Given data:
——————

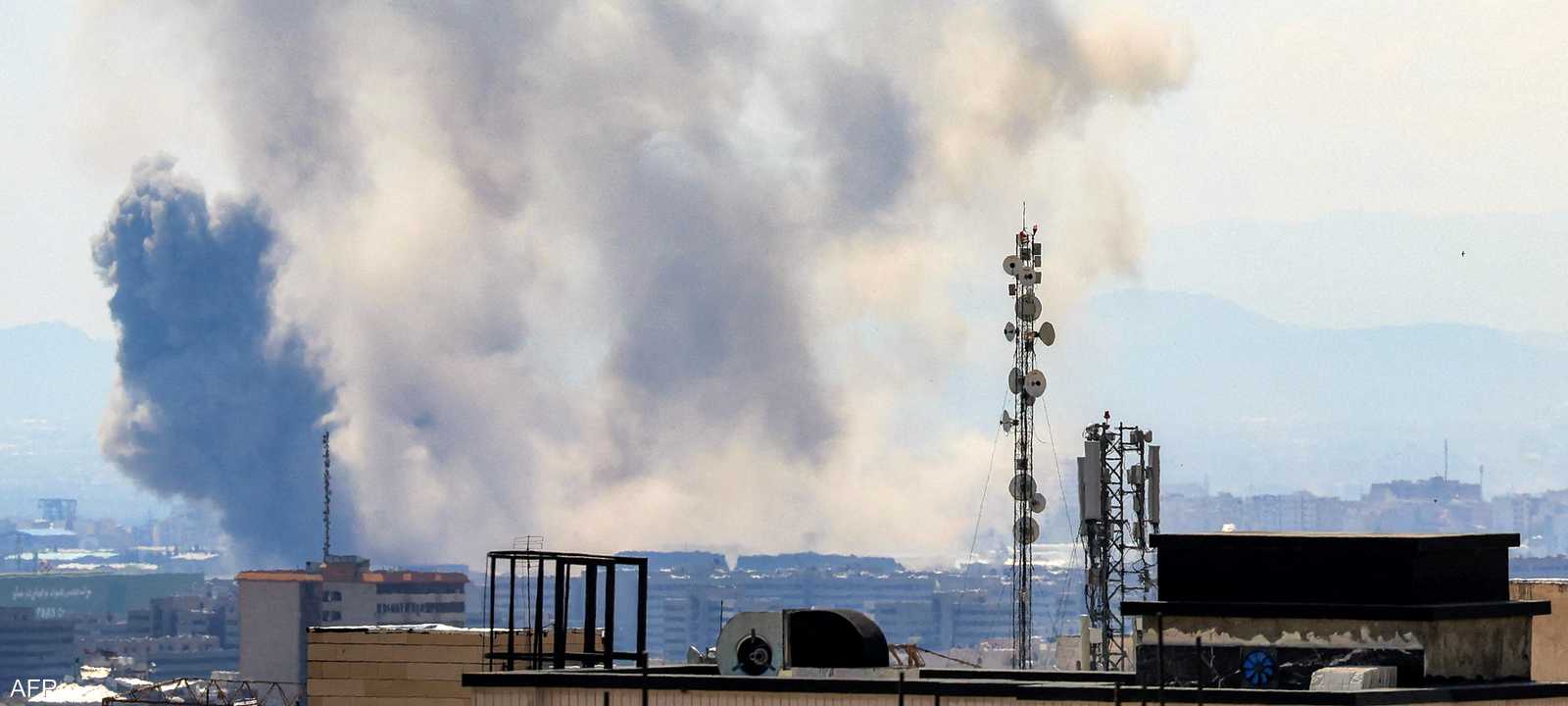 ضربات أميركية إسرائيلية مكثفة على طهران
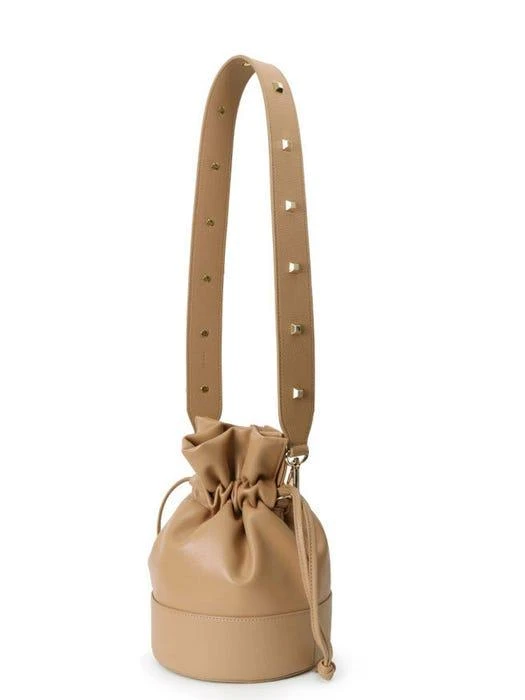 商品VIVICHO|Candy Bucket Bag -  Caramel,价格¥769,第5张图片详细描述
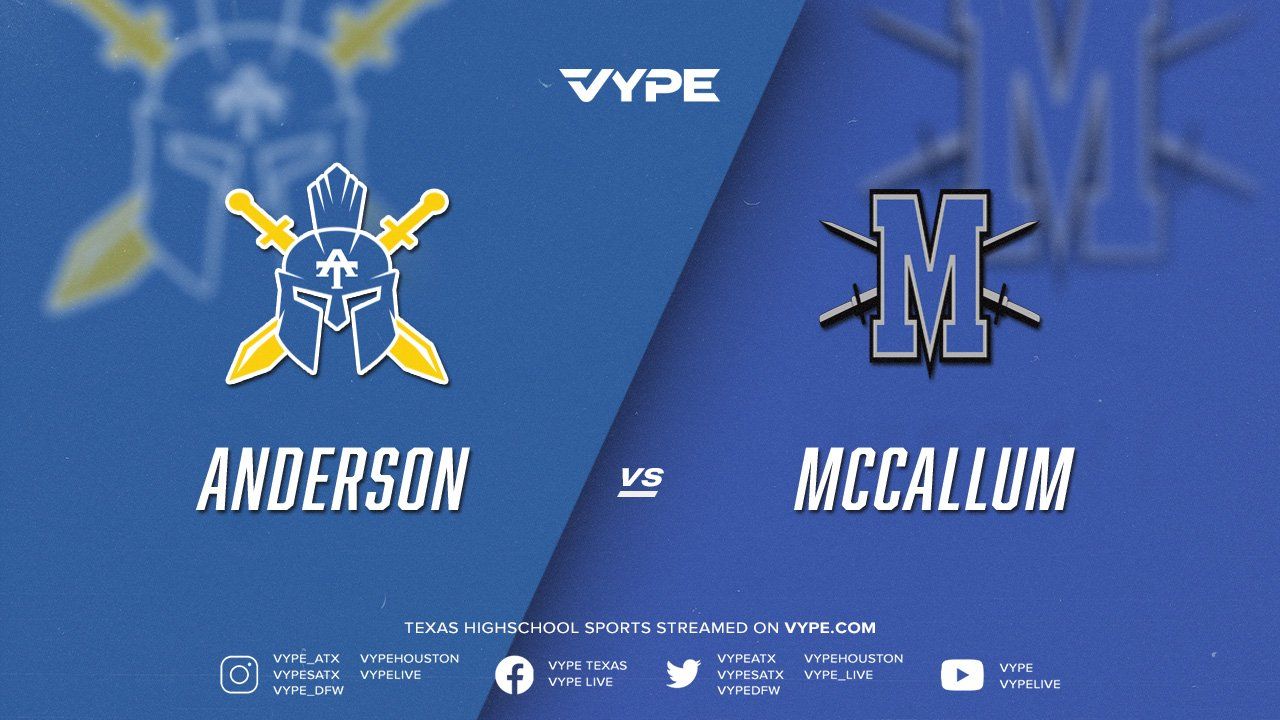 7:30PM - Football: Anderson vs. McCallum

——————

What to produce: An exact reproduction of the material above is needed, without its pictures.

Exercise answer:
 ضربات أميركية إسرائيلية مكثفة على طهران
 商品VIVICHO|Candy Bucket Bag -  Caramel,价格¥769,第5张图片详细描述
 7:30PM - Football: Anderson vs. McCallum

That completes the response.